▶ **What you need to do**
Leave out every picture and set down, exactly, the lines below from the one holding "Shape Plate, leaf" up to and including the one holding "Fotografie — Lake".

▶ **Recorded data**
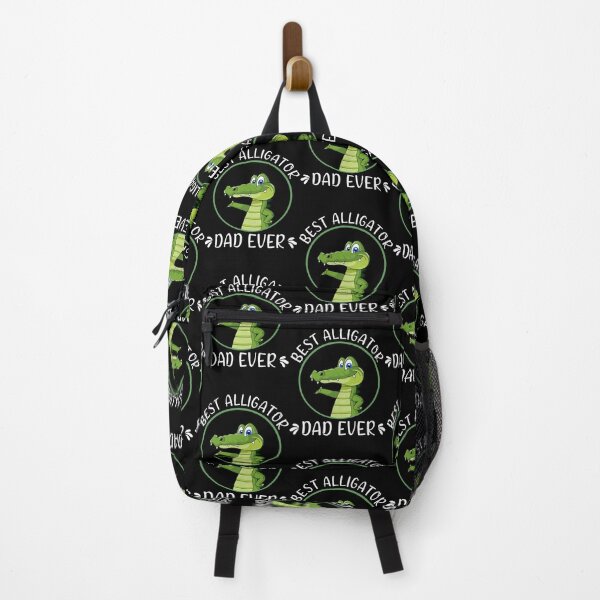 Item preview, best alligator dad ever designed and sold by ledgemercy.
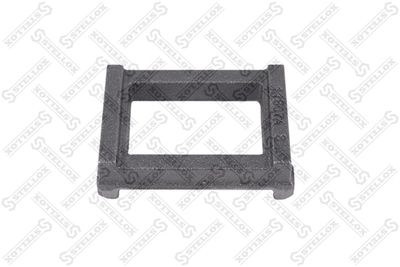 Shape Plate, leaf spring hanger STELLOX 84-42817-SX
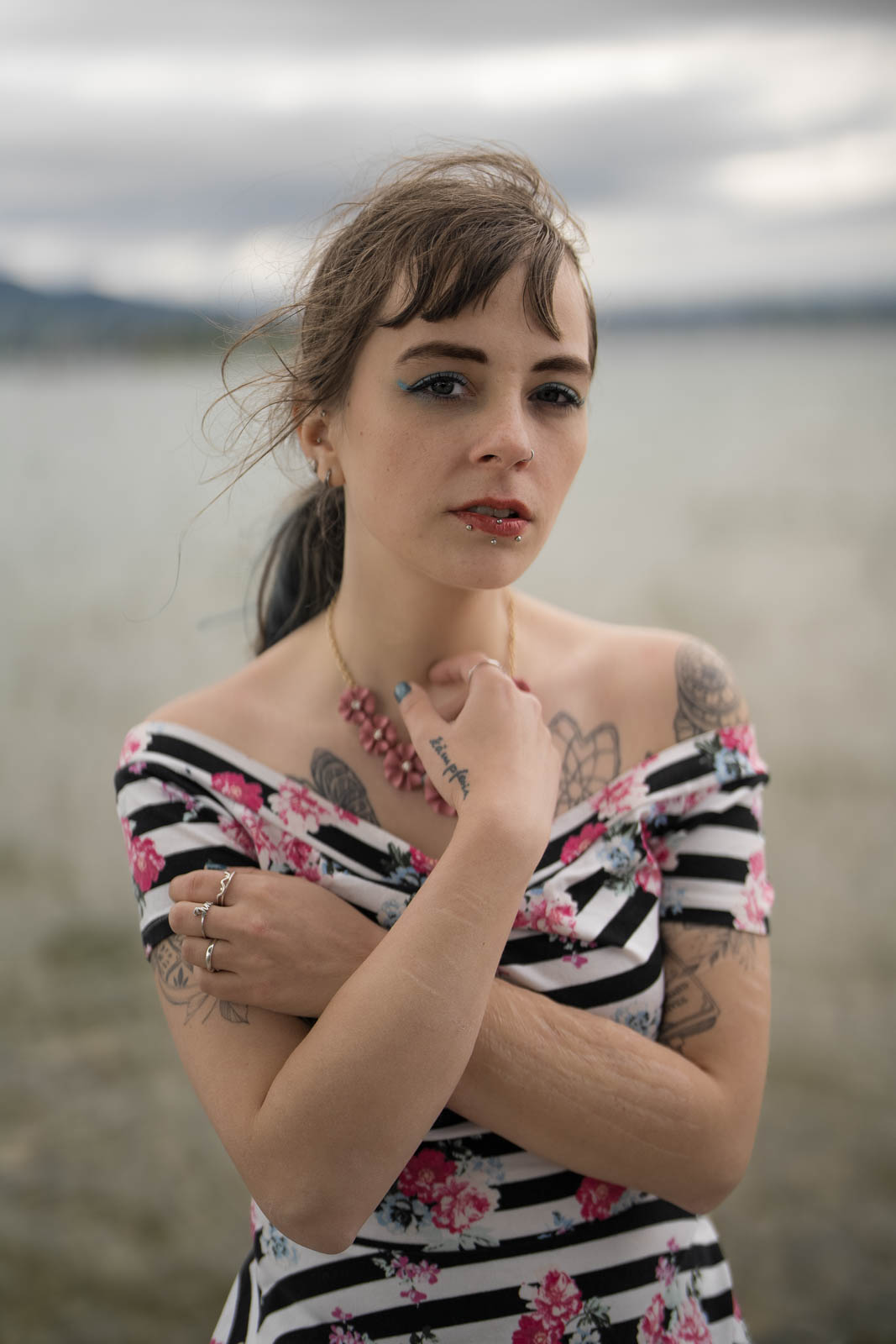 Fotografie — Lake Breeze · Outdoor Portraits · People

==

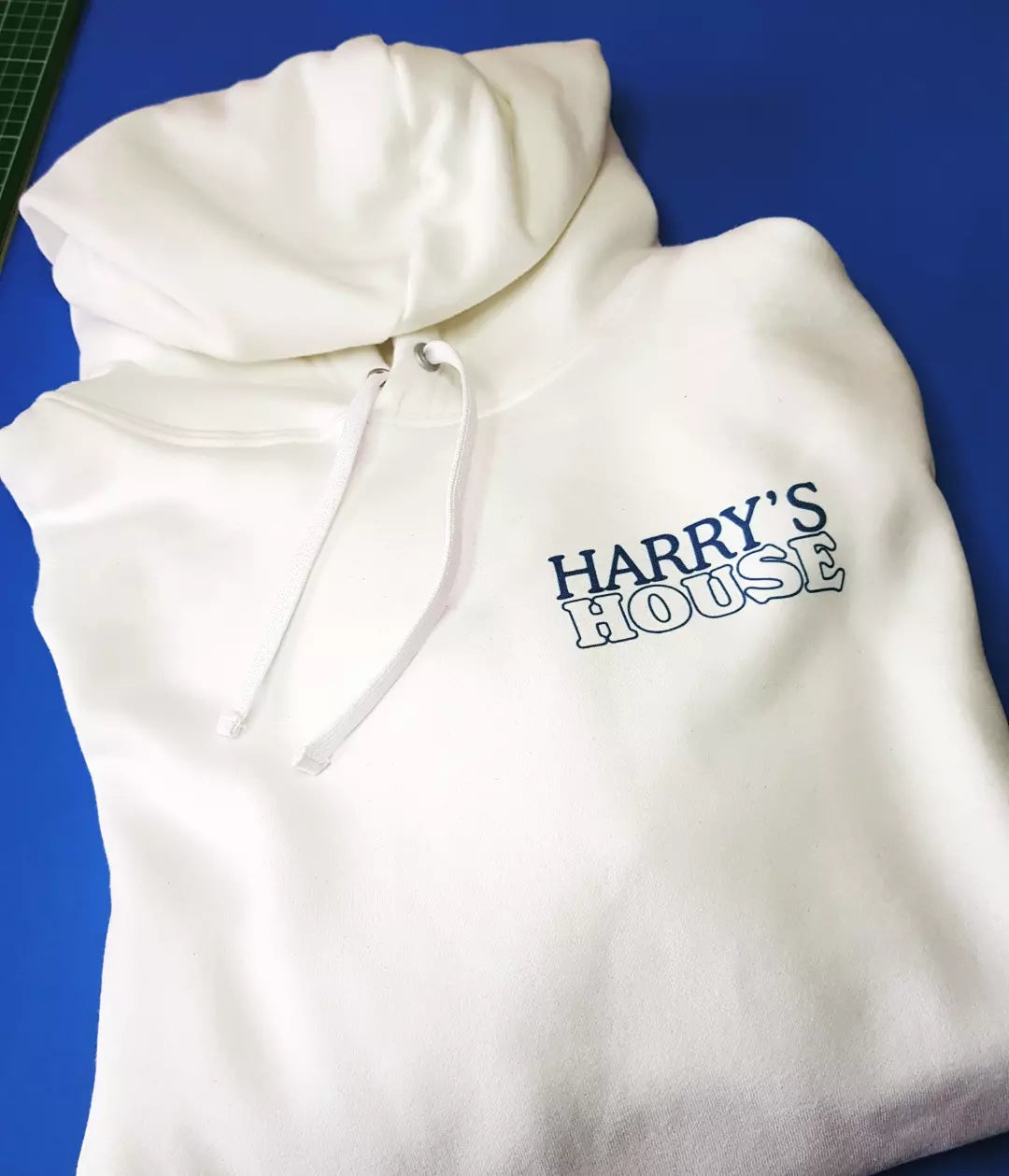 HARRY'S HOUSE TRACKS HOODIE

▶ **Task result**
 Shape Plate, leaf spring hanger STELLOX 84-42817-SX
 Fotografie — Lake Breeze · Outdoor Portraits · People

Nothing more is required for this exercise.